(Golden Slumber, Chou Davy)

 

Notes on the 62th. Berlin Filmfestival, 2012

Only two indian films were selected for this year´s edition, "Don - The King is back" by Farhan Akhtar (in the Berlinale Special-section) and "Gattu" by Rajan Khosa (in the childrenfilm-section).
There was a time when Indian films were screened regularly in Berlin during the festival.  Anyway, it is a fact I am unable to change.
This year I focused again on the Forum-section, the more or less only intact section of this film festival and ironically one of the first institutions outside of India which screened first time films by Ritwik Ghatak or Mirinal Sen more than 20 years ago. Even though the Berlin-specific  amnesia concerning Indian art cinema became as well in the last 10 years a problem of the Forum.
The last masterpieces by Rituparno Ghosh, Goutam Ghose and especially Aparna Sen remain undiscovered by German and most of European audience. Just a few days before the festival began, all news reminded in the 80th. anniversary of French director François Truffaut on February 6 and just a few remembered this day as the death anniversary of Ritwik Ghatak whose premature death belongs to the worst tragedies Asian cinema has ever seen.

As the Berlin filmfestival is n´t anymore the festival of the greatest international directors like Malick or Kiarostami, it is still the Forum where you can discover films you don´t find neither in other festival sections nor in other festivals at all. One of the highlights was a mini-retrospective on the Golden Age of Cambodian cinema from 1960 -- 1975, the year when the Red Khmer almost destroyed a whole civilization. If you see this film, a mixture between fantasy, musical, action and melodrama it is hard to bear that every actor and every actress you see on the screen is either killed and buried anonymously or has escaped Cambodia.

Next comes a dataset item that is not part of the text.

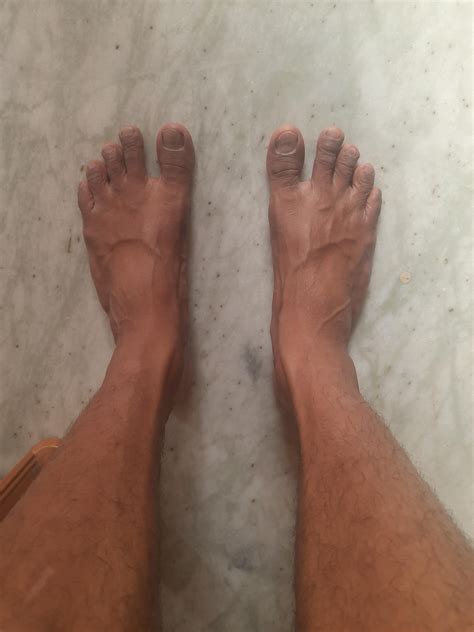 Do I have Bunion? : r/bunions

The same goes for a big part of the audience which loved and enjoyed these films. Just about 30 films in more or less bad quality and a collection of photos and songs survived. "Golden Slumber", a documentary by young Cambodian Davy Chou is a reconstruction of these short and young film history of Cambodian cinema which ended with the tragedy of the Red Khmer terror. Davy Chou, a very young film maker made a very wise film against the amnesia.

"No Man´´s Zone" by Japanese Toshi Fujiwara is a subtle and reflexive meditation on the aftermath of the nuclear disaster of Fukushima. Fujiwara created an authentic document without any speculative sensational effects and he focuses on the people.
The most remarkable film was the first fiction film by Yang Yonghi "Our Homeland". Yang, a Korean woman born into a family of Korean immigrants living in Japan is known for her excellent documentaries "Dear Pyongyang" and Goodbye Pyongyang" (by far some rare masterpieces among documentaries in the last 10 years at all) tells in another form about the partition of her country in an explicit autobiographical way. Her films are as heart breaking like Ritwik Ghatak´s refugee-trilogy. The basic story for all of her films is the "return" of Koreans to their "homeland" Northern Korea. Caused by discrimination in the Japanese society and despite the fact that most Koreans living in Japan came actually from the South, Northern Korea was in the 1970s the most promising part of Korea for them (don´t forget that South Korea was at that time stuck in a military dictature). Yangs father sent her three young brothers to North Korea where they never will be able to return from. Yangs films connect personal with historic tragedy like Ghatak did it with the partition of Bengal. If there once will be established a "Ritwik Ghatak-Award", Yang Yonghi must be the first one who will be awarded.

The retrospective in this year "The Red Dream Factory" was dedicated to russian revolutionary films from the 1920s and 1930s, made in collaboration with Germany until 1933. This year´s homage was dedicated to Meryl Streep. Among the films they screened here was Clint Eastwood´s masterpiece "The Bridges of Madison County" with one of her finest performances.

It is always hard to overlook the whole program. If you are not focused on a big film festival you are lost.
The irony is that a lot of people, (myself included) considered once festivals as the biggest resistance against the decay of a cinema culture.  As a matter of fact, Berlin has dramatic problems with an infra structure of cinema halls. The competition and the Berlinale Special takes place in halls which can hardly considered as film theaters. These are musical halls, stage halls almost unsuitable for film screenings. At least three architectonic masterpieces of cinema halls were closed and demolished in the last 15 years, among that a hall with the biggest screen of the world.
To enjoy such a festival means to focus on the films you want to see. To think to deeply about the future of the Berlin Filmfestival as well as about the future of the cinema culture evokes just very pessimistic ideas.